The Patriot League currently allows athletic scholarships in other sports, but football requires so many more players that scholarships have not been allowed since the league came into existence in 1986. Even without scholarships and being far from the klieg lights of televised bowl games, Patriot League football costs more than $4 million a year for some of its teams. League member Fordham, seeking to be more competitive, broke ranks to grant football scholarships. It did so at the short-term risk of being banned from the league championship or post-season play, clearly believing the rest of the league would swiftly follow suit. Indeed, several Patriot League football coaches and athletic directors clamored for scholarships, saying they were tired of being beaten badly in non-conference games by scholarship schools.

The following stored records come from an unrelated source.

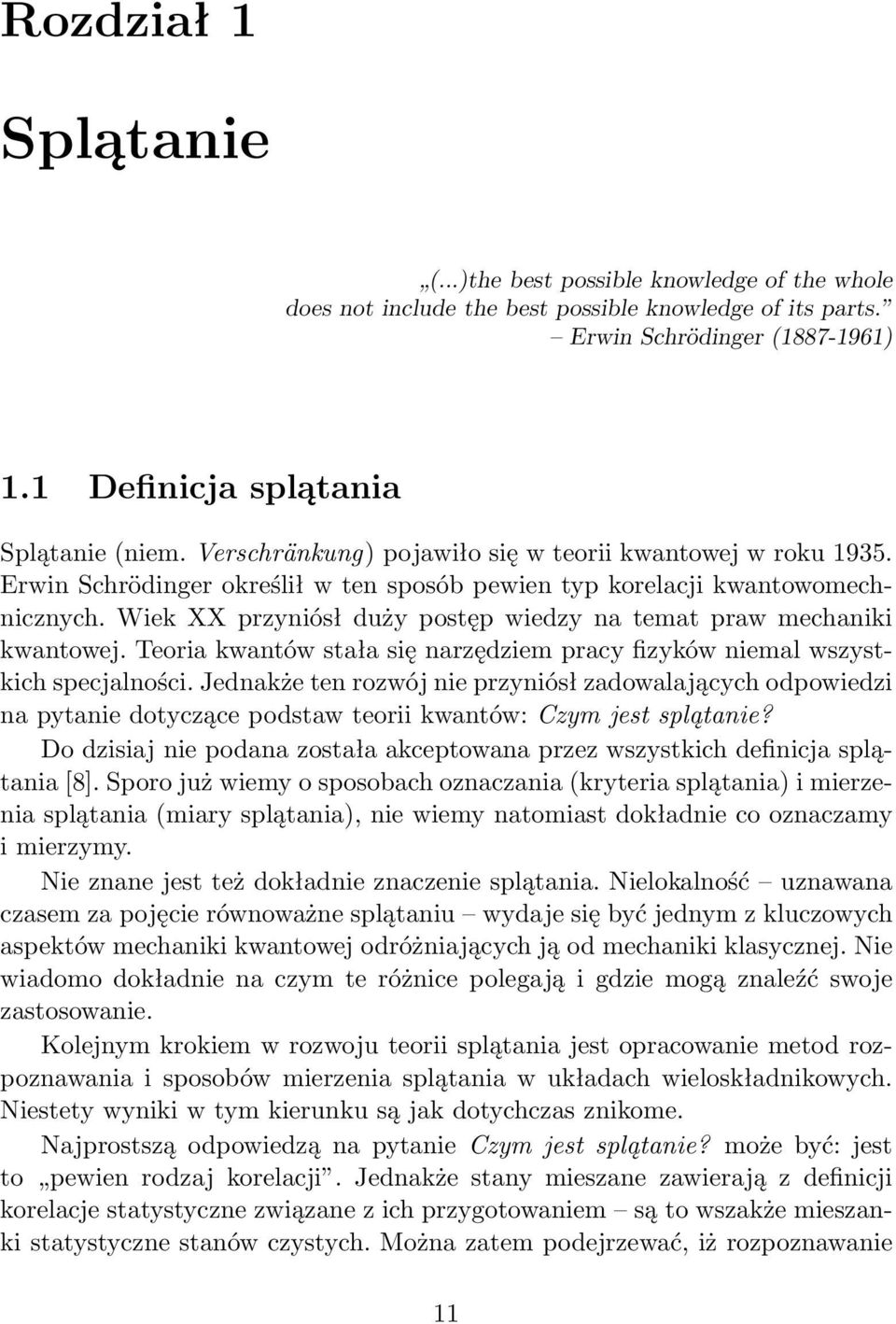 Wiek XX przyniósł duży postęp wiedzy na temat praw mechaniki kwantowej. Teoria kwantów stała się narzędziem pracy fizyków niemal wszystkich specjalności.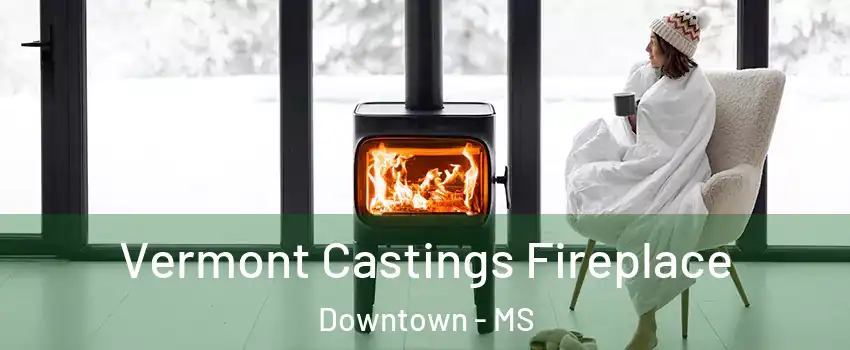 Vermont Castings Fireplace Downtown - MS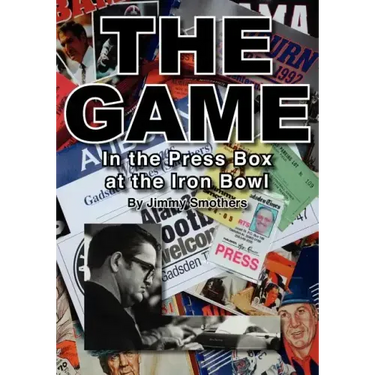 The Game: In the Press Box at the Iron Bowl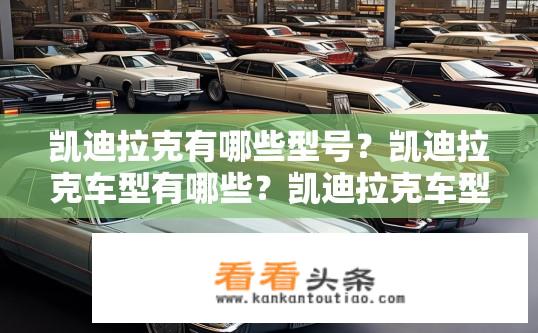 凯迪拉克有哪些型号？凯迪拉克车型有哪些？凯迪拉克车型种类及命名方式是什么？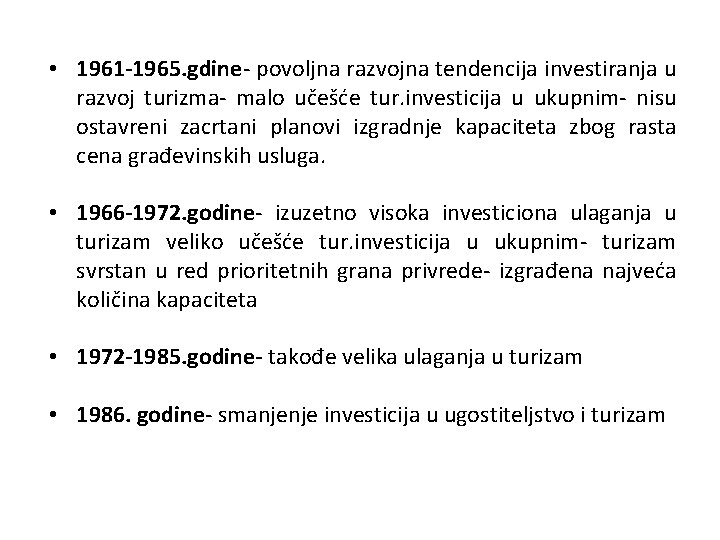  • 1961 -1965. gdine- povoljna razvojna tendencija investiranja u razvoj turizma- malo učešće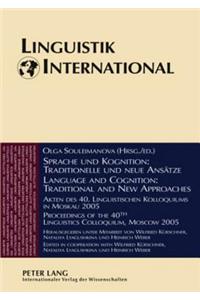 Sprache Und Kognition: Traditionelle Und Neue Ansaetze / Language and Cognition: Traditional and New Approaches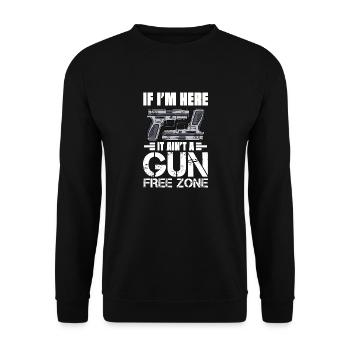 If I'm Here It Ain't A Gun Free Zone - Unisex Sweatshirt - black - Front - Alina (178cm) & Michal (187cm)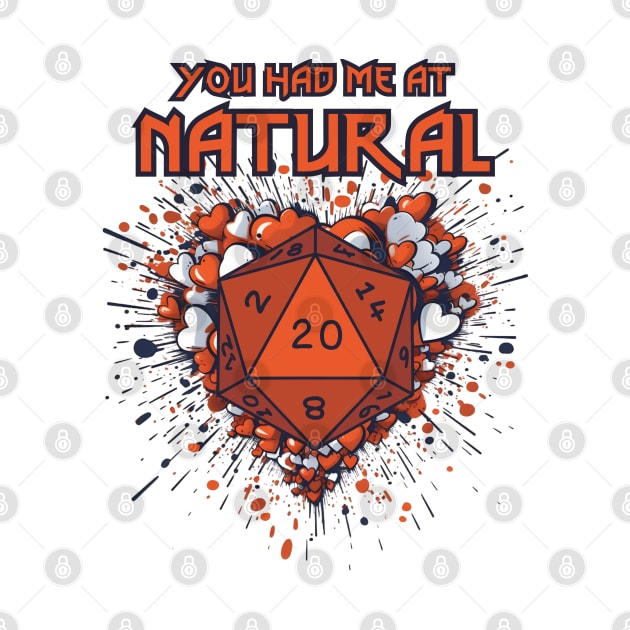 You Had Me At Natural 20 - D20 - Funny RPG by Fenay-Designs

But the Patriot League has benefited in many ways by not giving scholarships, which have so upped the competitive ante that come colleges and universities function like semi-pro teams — at a cost to academics. By contrast, the football-player graduation rates of the Patriot League teams of Holy Cross, Lafayette, Colgate, and Bucknell range between 90 and 99 percent. Preserving that sense of balance between football and study was clearly on the mind of Lafayette President Dan Weiss who, despite bitter criticism from boosters, became the voice of opposition to football scholarships. Weiss said, “I don’t think that it’s appropriate at this time in the life of this college to be putting more money into football when there are other programs and needs that are more pressing.’’
His voice carried the day as the presidents did not approve scholarships this time around. The stated mission of the Patriot League is to promote athletics “within a context that holds paramount the high academic standards and integrity of member institutions.’’ While boosters dream of championships and sky boxes, Weiss refused to be boxed in. He and the other presidents deserve credit for upholding the league’s sense of priorities.